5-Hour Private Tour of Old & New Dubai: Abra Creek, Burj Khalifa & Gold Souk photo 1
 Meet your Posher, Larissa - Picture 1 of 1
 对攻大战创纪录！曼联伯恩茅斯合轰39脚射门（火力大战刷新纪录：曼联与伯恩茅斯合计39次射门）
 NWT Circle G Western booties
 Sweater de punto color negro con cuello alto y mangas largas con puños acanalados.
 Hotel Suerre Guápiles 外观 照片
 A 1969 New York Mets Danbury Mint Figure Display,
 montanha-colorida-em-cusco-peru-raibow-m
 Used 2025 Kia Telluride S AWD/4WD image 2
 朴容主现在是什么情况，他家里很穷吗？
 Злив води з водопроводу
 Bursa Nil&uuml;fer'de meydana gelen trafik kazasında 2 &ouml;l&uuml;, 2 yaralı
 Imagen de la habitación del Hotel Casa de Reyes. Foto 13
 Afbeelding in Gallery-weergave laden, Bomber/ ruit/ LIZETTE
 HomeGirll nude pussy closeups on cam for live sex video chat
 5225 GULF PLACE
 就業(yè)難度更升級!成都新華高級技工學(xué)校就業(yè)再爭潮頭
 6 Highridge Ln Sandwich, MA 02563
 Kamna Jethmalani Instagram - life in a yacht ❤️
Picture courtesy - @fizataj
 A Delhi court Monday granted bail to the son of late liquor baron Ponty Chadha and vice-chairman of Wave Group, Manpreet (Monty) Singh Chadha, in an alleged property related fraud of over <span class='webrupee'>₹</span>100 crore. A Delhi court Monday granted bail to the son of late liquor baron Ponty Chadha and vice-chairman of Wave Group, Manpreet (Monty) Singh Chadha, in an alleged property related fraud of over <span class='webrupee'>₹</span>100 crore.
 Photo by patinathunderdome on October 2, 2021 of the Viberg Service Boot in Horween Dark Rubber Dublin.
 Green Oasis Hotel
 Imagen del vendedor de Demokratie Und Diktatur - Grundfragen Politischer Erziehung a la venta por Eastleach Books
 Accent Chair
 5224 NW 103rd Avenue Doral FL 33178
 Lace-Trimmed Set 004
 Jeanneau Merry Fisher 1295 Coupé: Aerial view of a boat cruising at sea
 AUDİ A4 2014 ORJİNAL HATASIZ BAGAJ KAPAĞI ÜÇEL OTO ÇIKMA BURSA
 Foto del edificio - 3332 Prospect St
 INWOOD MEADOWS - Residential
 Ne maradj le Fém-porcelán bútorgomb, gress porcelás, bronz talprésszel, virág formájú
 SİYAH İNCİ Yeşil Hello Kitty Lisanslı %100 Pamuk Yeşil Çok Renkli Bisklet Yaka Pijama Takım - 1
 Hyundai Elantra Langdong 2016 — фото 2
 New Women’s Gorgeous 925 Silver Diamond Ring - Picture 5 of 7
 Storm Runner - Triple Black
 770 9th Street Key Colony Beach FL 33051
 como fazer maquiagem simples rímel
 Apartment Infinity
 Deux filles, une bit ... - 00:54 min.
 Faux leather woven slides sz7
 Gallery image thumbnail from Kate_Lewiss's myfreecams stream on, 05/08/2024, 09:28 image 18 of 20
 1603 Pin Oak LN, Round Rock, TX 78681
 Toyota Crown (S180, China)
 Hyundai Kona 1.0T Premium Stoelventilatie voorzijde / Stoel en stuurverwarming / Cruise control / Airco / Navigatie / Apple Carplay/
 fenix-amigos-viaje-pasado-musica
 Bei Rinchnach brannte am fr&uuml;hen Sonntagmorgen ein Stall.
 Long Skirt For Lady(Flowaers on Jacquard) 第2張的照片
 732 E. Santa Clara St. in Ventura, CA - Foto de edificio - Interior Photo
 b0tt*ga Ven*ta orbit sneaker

What the task asks: Repeat the material, keeping every word exactly as it is.

Answer:
5-Hour Private Tour of Old & New Dubai: Abra Creek, Burj Khalifa & Gold Souk photo 1
 Meet your Posher, Larissa - Picture 1 of 1
 对攻大战创纪录！曼联伯恩茅斯合轰39脚射门（火力大战刷新纪录：曼联与伯恩茅斯合计39次射门）
 NWT Circle G Western booties
 Sweater de punto color negro con cuello alto y mangas largas con puños acanalados.
 Hotel Suerre Guápiles 外观 照片
 A 1969 New York Mets Danbury Mint Figure Display,
 montanha-colorida-em-cusco-peru-raibow-m
 Used 2025 Kia Telluride S AWD/4WD image 2
 朴容主现在是什么情况，他家里很穷吗？
 Злив води з водопроводу
 Bursa Nil&uuml;fer'de meydana gelen trafik kazasında 2 &ouml;l&uuml;, 2 yaralı
 Imagen de la habitación del Hotel Casa de Reyes. Foto 13
 Afbeelding in Gallery-weergave laden, Bomber/ ruit/ LIZETTE
 HomeGirll nude pussy closeups on cam for live sex video chat
 5225 GULF PLACE
 就業(yè)難度更升級!成都新華高級技工學(xué)校就業(yè)再爭潮頭
 6 Highridge Ln Sandwich, MA 02563
 Kamna Jethmalani Instagram - life in a yacht ❤️
Picture courtesy - @fizataj
 A Delhi court Monday granted bail to the son of late liquor baron Ponty Chadha and vice-chairman of Wave Group, Manpreet (Monty) Singh Chadha, in an alleged property related fraud of over <span class='webrupee'>₹</span>100 crore. A Delhi court Monday granted bail to the son of late liquor baron Ponty Chadha and vice-chairman of Wave Group, Manpreet (Monty) Singh Chadha, in an alleged property related fraud of over <span class='webrupee'>₹</span>100 crore.
 Photo by patinathunderdome on October 2, 2021 of the Viberg Service Boot in Horween Dark Rubber Dublin.
 Green Oasis Hotel
 Imagen del vendedor de Demokratie Und Diktatur - Grundfragen Politischer Erziehung a la venta por Eastleach Books
 Accent Chair
 5224 NW 103rd Avenue Doral FL 33178
 Lace-Trimmed Set 004
 Jeanneau Merry Fisher 1295 Coupé: Aerial view of a boat cruising at sea
 AUDİ A4 2014 ORJİNAL HATASIZ BAGAJ KAPAĞI ÜÇEL OTO ÇIKMA BURSA
 Foto del edificio - 3332 Prospect St
 INWOOD MEADOWS - Residential
 Ne maradj le Fém-porcelán bútorgomb, gress porcelás, bronz talprésszel, virág formájú
 SİYAH İNCİ Yeşil Hello Kitty Lisanslı %100 Pamuk Yeşil Çok Renkli Bisklet Yaka Pijama Takım - 1
 Hyundai Elantra Langdong 2016 — фото 2
 New Women’s Gorgeous 925 Silver Diamond Ring - Picture 5 of 7
 Storm Runner - Triple Black
 770 9th Street Key Colony Beach FL 33051
 como fazer maquiagem simples rímel
 Apartment Infinity
 Deux filles, une bit ... - 00:54 min.
 Faux leather woven slides sz7
 Gallery image thumbnail from Kate_Lewiss's myfreecams stream on, 05/08/2024, 09:28 image 18 of 20
 1603 Pin Oak LN, Round Rock, TX 78681
 Toyota Crown (S180, China)
 Hyundai Kona 1.0T Premium Stoelventilatie voorzijde / Stoel en stuurverwarming / Cruise control / Airco / Navigatie / Apple Carplay/
 fenix-amigos-viaje-pasado-musica
 Bei Rinchnach brannte am fr&uuml;hen Sonntagmorgen ein Stall.
 Long Skirt For Lady(Flowaers on Jacquard) 第2張的照片
 732 E. Santa Clara St. in Ventura, CA - Foto de edificio - Interior Photo
 b0tt*ga Ven*ta orbit sneaker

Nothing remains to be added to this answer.